NASA's next Mars rover to be launched in 2011, the Mars Science Laboratory, has a budget more than five times greater than that of Phoenix.

Phoenix finally stopped communicating with Earth on 10 November 2008, two weeks earlier than its controllers had hoped, but by then it was well into extended mission time. Its 90-day primary mission had been successfully completed in late August, anything after that was a bonus.

It appears to have been finally silenced by a dust storm, the dust falling on the solar panels proved to be too much, and its power fell to below the critical limit needed to keep it alive and communicating.
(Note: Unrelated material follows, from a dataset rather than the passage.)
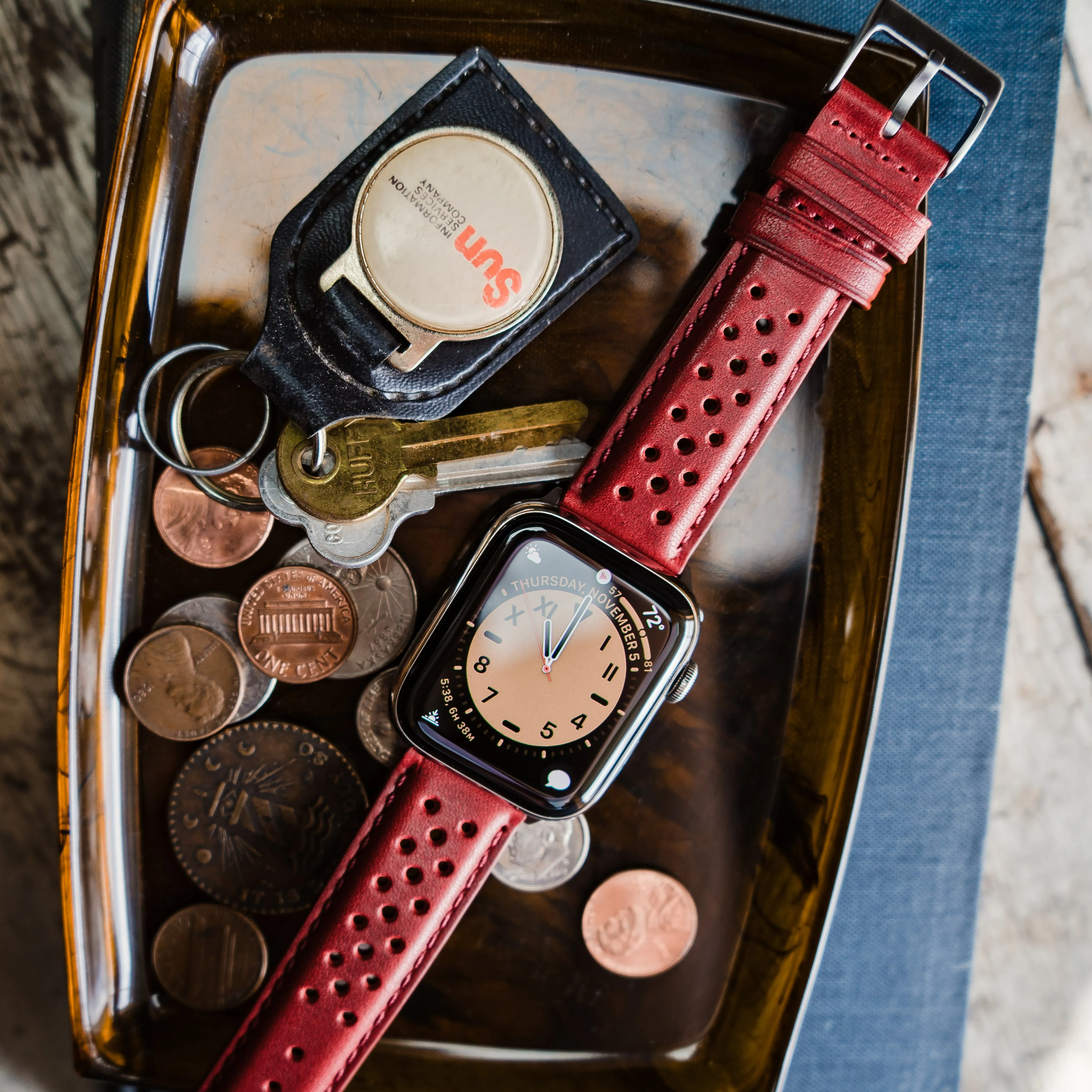 Apple Watch Crimson Red Racing Horween Leather Watch Band (SALE)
To the south, much closer to the equator, the same dust storm has caused Spirit to be put into "conservation" mode, only doing limited observing, and communicating with Earth only when absolutely necessary.

Was the mission a success? Most definitely yes. Nothing has previously ventured as far North on Mars, and nothing has previously been able to so decisively prove the presence of water on Mars and the habitability of the Northern Plains.

This is one mission that will be long remembered by all those who look up at Mars in the night sky. Phoenix is the mission that has seen our hopes of eventually sending humans to Mars reborn anew from the ashes of the phrase "it's never going to happen."


Marion Anderson is an expert in the mineralogy and geomorphology of Mars, based at Monash University in Melbourne, Australia.